Independenzia, cerveza artesanal
Toques de identidad

Golden, Stout y American Pale Ale son las cervezas estrellas que llevan esta marca de origen vasco y que es el resultado de la anhelada independencia laboral de su emprendedor. La rubia, la negra y la roja tienen su impronta. Notas de sabor y aroma que mezclan el sabor de la malta patagona y productos locales, aquellos que incluso fueron utilizados por los diaguitas.

Por Verónica Ramos B. / Fotografía: Francisco Díaz U.

Con el título de ingeniero comercial en mano, Sergio Arratia emigró a España en el 2004, para hacer un MBA en Dirección Internacional de Empresas y, luego, un máster en Análisis de los Mercados de Valores en la Universidad Complutense de Madrid. Durante su estadía, vivió también en Nottingham, ciudad de Inglaterra que se caracteriza por sus fábricas de cervezas, y visitó Lovaina, cuna de la cerveza más vendida de Bélgica. Neófito en la materia, fue descubriendo el fascinante mundo de la cerveza artesanal. Hasta entonces, su mejor cerveza era la alemana, pero cambió de opinión cuando probó la belga.

 

Dos años después regresó a su tierra natal, La Serena, y trabajó en marketing en el rubro automotor. Sin embargo, su mayor inquietud era administrar su propio negocio y con ansias de independencia surgió la idea de elaborar una cerveza artesanal. “Hice un curso en Santiago, encargué libros en el extranjero y estudié por mi cuenta. Al igual que muchos maestros cerveceros chilenos, soy autodidacta”, recalca Sergio.

 

De eso ya han transcurrido siete años. El aprender haciendo se convirtió en su mayor aliado. “Lo primero que cocine fueron unos kit que compré cuando hice el curso. Es una receta que sirve para practicar los tiempos, medir las temperaturas y entender el funcionamiento de todo el proceso de fermentación. Después, preparé todas las recetas que se me ocurrían. Elaborar cerveza es lo mismo que cocinar; en definitiva, lo que hice fue experimentar”.

 

¿En qué momento quedas conforme con la fórmula?

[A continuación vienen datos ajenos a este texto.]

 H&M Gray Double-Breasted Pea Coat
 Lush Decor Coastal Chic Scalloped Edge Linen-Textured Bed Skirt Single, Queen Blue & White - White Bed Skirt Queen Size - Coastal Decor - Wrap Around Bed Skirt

Si bien al principio elaboramos buenas cervezas, la idea era mantener la calidad. Después de un largo camino, recién este año puedo decir “me gusta mi cerveza”. Es que he sido muy autoexigente.

 

TESÓN VASCO

 

En una parcela ubicada en el sector de Pan de Azúcar, Sergio Arratia vive junto a su mujer, Teresa Arteaga, quien se encarga de las ventas, y sus hijos Iñaki y Matilde. A pocos metros de la casa está el galpón donde se elabora la cerveza artesanal Independenzia, nombre que proviene del idioma euskera o vasco, en virtud de sus orígenes y al deseo personal de lograr su independencia.

 

“Los estanques de fermentación, las cubas, las marmitas y la máquina para etiquetar las trajimos de China. Quisimos incorporar todos los elementos necesarios para lograr una mayor producción y fue una inversión muy importante financiada por una sociedad integrada por mi padre y otras personas”, aclara Sergio.

 

Adaptar los equipos a esta zona debió ser un arduo trabajo

Fue un gran desafío porque tuvimos que cambiar el sistema de energía. Pasamos de la energía monofásica a una trifásica, para que fuese más potente. Me demoré un año en armar la planta. Con toda esta infraestructura pasé de cocinar cien litros a mil trescientos litros.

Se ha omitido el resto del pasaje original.